#### [Exercise description]
Write out, word for word, every line in the data below from the one containing "Vtg Brown Woven" to the one containing "8152 Pelican Road Fort Myers FL 33967", both of them included.

((

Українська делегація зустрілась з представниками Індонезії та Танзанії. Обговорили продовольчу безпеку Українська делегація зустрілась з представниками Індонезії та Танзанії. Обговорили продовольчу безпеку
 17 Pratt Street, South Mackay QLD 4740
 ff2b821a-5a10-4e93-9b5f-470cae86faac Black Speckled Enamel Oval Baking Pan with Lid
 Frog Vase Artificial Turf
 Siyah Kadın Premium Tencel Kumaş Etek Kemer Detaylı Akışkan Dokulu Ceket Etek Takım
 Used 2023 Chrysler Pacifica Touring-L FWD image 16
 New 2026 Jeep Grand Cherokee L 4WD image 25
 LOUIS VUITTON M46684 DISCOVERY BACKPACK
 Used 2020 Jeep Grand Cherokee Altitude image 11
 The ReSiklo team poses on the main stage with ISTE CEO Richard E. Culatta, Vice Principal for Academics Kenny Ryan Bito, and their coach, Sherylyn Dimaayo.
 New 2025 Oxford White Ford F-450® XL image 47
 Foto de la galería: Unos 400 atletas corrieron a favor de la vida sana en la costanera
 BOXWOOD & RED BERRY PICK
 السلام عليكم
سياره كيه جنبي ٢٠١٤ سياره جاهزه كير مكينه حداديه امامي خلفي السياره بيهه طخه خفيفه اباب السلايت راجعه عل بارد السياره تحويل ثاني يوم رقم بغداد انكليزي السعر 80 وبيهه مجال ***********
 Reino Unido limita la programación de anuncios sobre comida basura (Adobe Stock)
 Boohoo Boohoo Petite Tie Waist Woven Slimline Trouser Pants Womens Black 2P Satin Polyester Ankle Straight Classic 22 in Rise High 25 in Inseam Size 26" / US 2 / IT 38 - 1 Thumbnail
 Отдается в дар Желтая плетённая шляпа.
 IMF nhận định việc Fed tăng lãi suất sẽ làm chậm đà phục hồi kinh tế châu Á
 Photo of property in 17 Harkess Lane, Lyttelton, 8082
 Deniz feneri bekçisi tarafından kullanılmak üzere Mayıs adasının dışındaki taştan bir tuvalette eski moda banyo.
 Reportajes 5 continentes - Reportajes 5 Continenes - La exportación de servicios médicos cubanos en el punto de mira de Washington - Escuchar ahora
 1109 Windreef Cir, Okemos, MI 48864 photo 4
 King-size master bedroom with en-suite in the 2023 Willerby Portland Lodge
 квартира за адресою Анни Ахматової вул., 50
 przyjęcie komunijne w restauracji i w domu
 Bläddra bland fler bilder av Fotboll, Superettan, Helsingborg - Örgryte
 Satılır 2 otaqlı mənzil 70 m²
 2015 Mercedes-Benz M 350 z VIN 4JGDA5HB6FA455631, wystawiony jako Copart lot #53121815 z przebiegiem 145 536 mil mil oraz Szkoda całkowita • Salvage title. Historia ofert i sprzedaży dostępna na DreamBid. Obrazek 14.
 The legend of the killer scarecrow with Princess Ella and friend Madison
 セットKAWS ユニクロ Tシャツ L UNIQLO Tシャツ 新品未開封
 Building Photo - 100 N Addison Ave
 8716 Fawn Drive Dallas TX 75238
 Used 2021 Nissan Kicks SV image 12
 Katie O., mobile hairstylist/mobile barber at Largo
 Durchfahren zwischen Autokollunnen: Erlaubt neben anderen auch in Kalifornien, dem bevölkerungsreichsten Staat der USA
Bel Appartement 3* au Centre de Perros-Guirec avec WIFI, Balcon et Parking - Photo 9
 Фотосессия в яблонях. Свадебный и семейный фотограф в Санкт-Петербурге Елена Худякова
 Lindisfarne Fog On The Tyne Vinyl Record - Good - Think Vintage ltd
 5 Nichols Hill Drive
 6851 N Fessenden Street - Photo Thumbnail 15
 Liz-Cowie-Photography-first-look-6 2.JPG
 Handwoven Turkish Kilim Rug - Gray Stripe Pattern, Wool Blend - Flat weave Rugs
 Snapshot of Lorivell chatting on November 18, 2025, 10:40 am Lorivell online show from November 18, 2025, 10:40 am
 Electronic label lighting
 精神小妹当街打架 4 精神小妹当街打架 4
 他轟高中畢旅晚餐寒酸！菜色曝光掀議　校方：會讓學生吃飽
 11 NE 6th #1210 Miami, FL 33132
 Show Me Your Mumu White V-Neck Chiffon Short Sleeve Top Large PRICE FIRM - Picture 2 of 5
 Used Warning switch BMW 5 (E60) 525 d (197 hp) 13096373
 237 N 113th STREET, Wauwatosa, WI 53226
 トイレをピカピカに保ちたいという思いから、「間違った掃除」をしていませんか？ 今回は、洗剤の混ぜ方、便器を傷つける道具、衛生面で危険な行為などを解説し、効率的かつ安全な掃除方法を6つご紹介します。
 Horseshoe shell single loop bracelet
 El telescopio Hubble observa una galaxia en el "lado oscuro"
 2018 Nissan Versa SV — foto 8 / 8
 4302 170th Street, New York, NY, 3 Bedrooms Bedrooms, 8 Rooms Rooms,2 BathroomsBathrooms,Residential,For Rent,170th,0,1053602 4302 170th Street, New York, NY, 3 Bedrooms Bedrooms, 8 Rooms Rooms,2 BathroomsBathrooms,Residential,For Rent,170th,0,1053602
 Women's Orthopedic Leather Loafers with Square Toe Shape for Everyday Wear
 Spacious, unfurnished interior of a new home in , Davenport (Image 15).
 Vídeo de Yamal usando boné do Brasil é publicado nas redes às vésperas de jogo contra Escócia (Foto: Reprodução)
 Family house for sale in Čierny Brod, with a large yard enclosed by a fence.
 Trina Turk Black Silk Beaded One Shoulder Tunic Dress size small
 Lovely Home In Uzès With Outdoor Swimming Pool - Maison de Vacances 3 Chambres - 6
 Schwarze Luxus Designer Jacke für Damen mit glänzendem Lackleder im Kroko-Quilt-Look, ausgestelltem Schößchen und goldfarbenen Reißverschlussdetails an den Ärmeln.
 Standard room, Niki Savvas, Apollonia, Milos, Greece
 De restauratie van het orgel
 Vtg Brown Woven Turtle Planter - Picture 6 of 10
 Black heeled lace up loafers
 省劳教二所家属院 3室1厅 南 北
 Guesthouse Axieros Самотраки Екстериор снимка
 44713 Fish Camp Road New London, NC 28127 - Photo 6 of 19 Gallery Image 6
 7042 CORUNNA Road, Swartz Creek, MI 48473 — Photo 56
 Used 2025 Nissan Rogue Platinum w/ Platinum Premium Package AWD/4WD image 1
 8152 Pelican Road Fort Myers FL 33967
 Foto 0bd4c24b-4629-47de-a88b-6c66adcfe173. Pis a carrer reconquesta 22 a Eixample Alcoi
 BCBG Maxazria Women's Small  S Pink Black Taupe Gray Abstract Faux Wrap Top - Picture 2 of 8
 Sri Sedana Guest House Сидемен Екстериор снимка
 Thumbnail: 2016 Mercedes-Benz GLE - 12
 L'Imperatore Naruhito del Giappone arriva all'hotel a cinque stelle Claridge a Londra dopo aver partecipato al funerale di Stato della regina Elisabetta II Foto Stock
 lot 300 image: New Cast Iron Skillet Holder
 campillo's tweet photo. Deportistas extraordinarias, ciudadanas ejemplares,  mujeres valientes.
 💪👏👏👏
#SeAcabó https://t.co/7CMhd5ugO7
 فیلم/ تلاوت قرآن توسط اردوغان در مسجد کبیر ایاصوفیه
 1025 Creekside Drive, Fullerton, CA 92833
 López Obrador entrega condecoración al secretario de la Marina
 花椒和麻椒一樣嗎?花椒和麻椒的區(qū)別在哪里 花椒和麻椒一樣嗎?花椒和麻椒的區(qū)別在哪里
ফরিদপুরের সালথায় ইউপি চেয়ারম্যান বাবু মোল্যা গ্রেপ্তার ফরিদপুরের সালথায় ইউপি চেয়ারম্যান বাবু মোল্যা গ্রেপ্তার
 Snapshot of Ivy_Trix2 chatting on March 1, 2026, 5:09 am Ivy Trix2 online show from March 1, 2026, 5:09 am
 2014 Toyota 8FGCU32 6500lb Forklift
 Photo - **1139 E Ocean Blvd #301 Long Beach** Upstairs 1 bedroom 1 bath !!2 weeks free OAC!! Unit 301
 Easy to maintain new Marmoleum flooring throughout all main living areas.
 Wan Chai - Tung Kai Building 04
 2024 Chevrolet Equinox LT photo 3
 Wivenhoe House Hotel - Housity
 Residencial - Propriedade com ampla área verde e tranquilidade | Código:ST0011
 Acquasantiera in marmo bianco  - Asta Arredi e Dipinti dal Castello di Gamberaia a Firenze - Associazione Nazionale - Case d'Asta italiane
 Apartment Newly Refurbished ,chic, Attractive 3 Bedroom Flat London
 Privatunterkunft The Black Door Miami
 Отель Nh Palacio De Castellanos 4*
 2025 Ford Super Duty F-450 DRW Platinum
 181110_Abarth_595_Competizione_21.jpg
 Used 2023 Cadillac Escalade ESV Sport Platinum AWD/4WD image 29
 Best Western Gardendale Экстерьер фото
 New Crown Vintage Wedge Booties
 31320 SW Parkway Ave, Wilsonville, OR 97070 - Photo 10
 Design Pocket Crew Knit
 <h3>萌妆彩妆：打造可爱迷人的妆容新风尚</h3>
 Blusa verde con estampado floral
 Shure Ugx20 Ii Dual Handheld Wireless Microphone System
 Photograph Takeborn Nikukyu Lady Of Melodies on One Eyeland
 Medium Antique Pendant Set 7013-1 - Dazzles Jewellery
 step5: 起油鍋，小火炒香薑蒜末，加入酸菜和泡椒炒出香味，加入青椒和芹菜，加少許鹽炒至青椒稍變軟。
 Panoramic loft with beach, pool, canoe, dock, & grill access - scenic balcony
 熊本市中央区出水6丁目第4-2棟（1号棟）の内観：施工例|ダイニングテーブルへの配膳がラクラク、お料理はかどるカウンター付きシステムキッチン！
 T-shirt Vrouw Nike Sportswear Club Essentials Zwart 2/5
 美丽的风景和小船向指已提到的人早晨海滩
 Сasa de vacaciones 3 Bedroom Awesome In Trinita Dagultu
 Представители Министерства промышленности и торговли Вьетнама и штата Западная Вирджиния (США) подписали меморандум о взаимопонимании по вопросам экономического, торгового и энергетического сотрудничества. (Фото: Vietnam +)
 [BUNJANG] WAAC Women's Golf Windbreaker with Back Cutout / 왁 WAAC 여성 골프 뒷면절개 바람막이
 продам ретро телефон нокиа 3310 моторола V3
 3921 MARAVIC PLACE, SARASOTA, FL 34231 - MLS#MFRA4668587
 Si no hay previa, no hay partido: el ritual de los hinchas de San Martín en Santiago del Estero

))

#### [Solution to the problem]
 Vtg Brown Woven Turtle Planter - Picture 6 of 10
 Black heeled lace up loafers
 省劳教二所家属院 3室1厅 南 北
 Guesthouse Axieros Самотраки Екстериор снимка
 44713 Fish Camp Road New London, NC 28127 - Photo 6 of 19 Gallery Image 6
 7042 CORUNNA Road, Swartz Creek, MI 48473 — Photo 56
 Used 2025 Nissan Rogue Platinum w/ Platinum Premium Package AWD/4WD image 1
 8152 Pelican Road Fort Myers FL 33967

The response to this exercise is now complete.